Providing appropriate healthcare to homeless people is a difficult mission aggravated by seizures and epilepsy diagnoses. Without a way of being contacted (via telephone or fixed address) or to travel by car or paid public transportation an estimate 80% of homeless people do not attend their scheduled appointments in outpatient settings (Doran et al. 2021a, b). There are organizational barriers imposed by medical centers, shelters and volunteer associations that are contributing to this fact: inflexible schedules, facilities dispersed across large cities, health services jurisdictions and more; all of which are harming people whose living conditions are too precarious to be able to regularly attend specialized care services (Doran et al. 2021a, b; Moss et al. 2021). According to WHO (2022) up to 70% of PWE could live seizure-free if properly diagnosed and treated.

The development of epilepsy-awareness campaigns in the general population can be a simple yet effective measure to reduce the stigma associated with the disease and prevent social impairment, eventually leading to better outcomes in all SDoH. The stigma and discrimination that surround PWE are often more difficult to overcome than the seizures themselves (WHO 2022). Creating laws considering the Universal Declaration of Human Rights and holding governments accountable for its violations can have a big impact in the independence and overall quality of life of PWE. Designing scores for risk of homelessness based on known upstream factors (SDoH) and applying them in outpatient settings can protect people from housing instability and social disintegration (Rosendale et al. 2019).

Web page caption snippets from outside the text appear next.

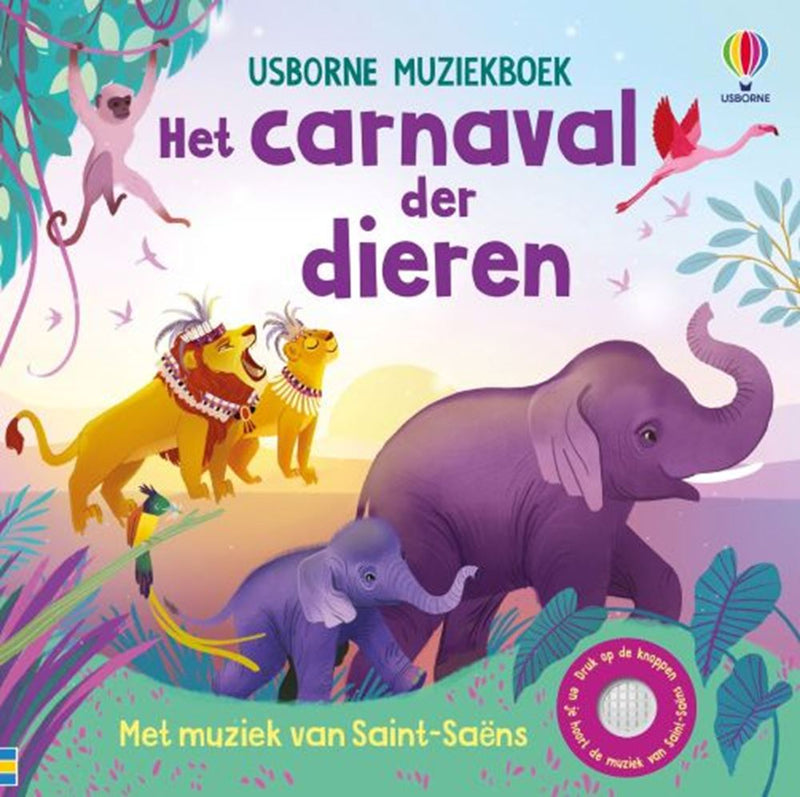 Libro sonoro il carnevale degli animali 3+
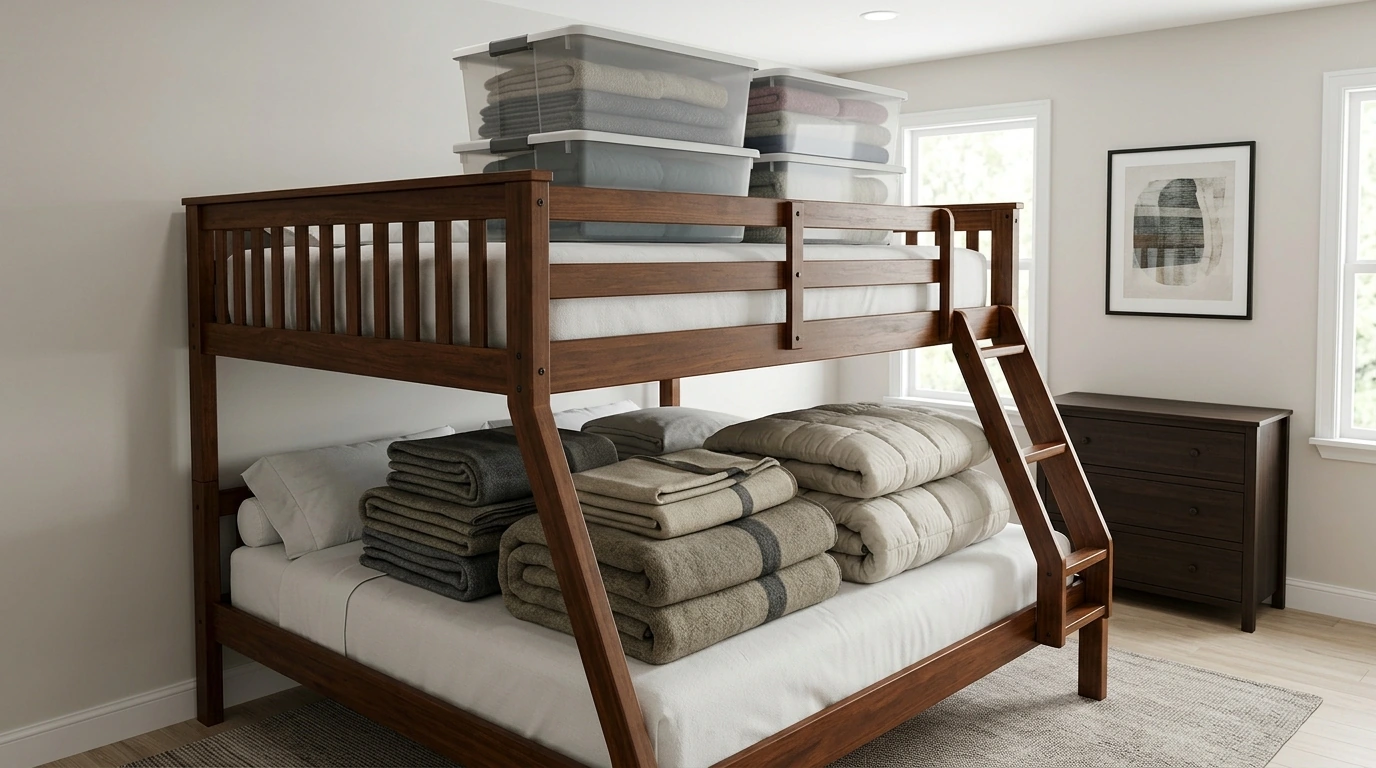 Full-Over-Full Bunk Bed Weight Limit: Safe Capacity Guide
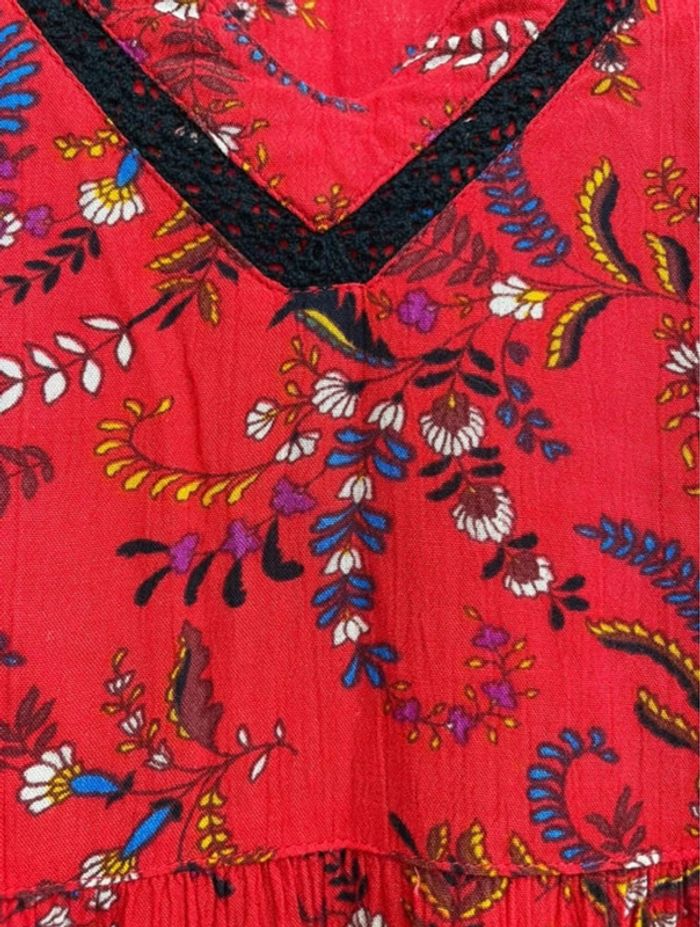 Superbe robe fleurie fluide Promod 🌸 S 36 - photo numéro 8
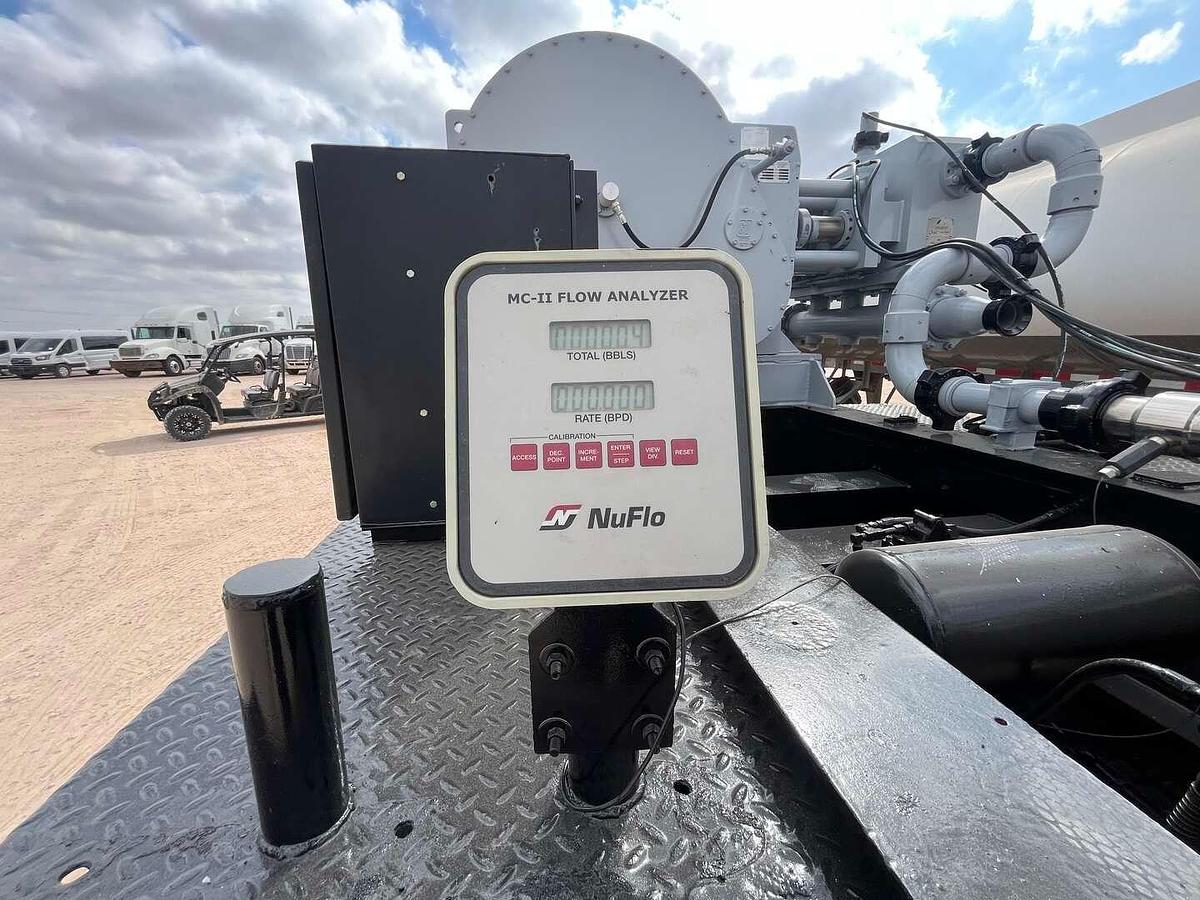 Used GARDNER DENVER 2250HP TRIPLEX FRAC PUMP TRAILER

It is fundamental that both hospitals and homeless shelters register people in open access Electronic Medical Records (EMR) to keep track of people’s clinical information, ED admissions and diagnoses and current housing situation to prevent duplication of medical exams and misinterpretation of clinical settings (such as recurring seizures) and consequently save resources (Booth 2006). To avoid iatrogenic harm, medical and volunteer teams providing services to homeless people should incorporate neurologists, to intervene at an early stage and properly treat seizures and epilepsy while potentially avoiding hospital admission (Rosendale et al. 2019). The ability to get medical prescriptions timely filled, store medications in safety and take them as prescribed is a big challenge to homeless people that should be taken in consideration while planning their follow-up (Subedi et al 2022). Medical experts, social workers, and volunteer teams should never dismiss the role of adequate nutrition, rest, social support and medical vigilance to the positive outcomes and increase of quality of life in homeless people suffering with epilepsy. Epilepsy, and seizures, among the homeless seems to be a strong argument to make an invitation to the most interested and motivated neurologists. Please, join psychiatrists working with these super difficult patients (Gama Marques 2021) on the streets of our cities, occupying the interstitial space between the traditional healthcare institutions. Join us on the plight of marontology (Gama Marques et al. 2023).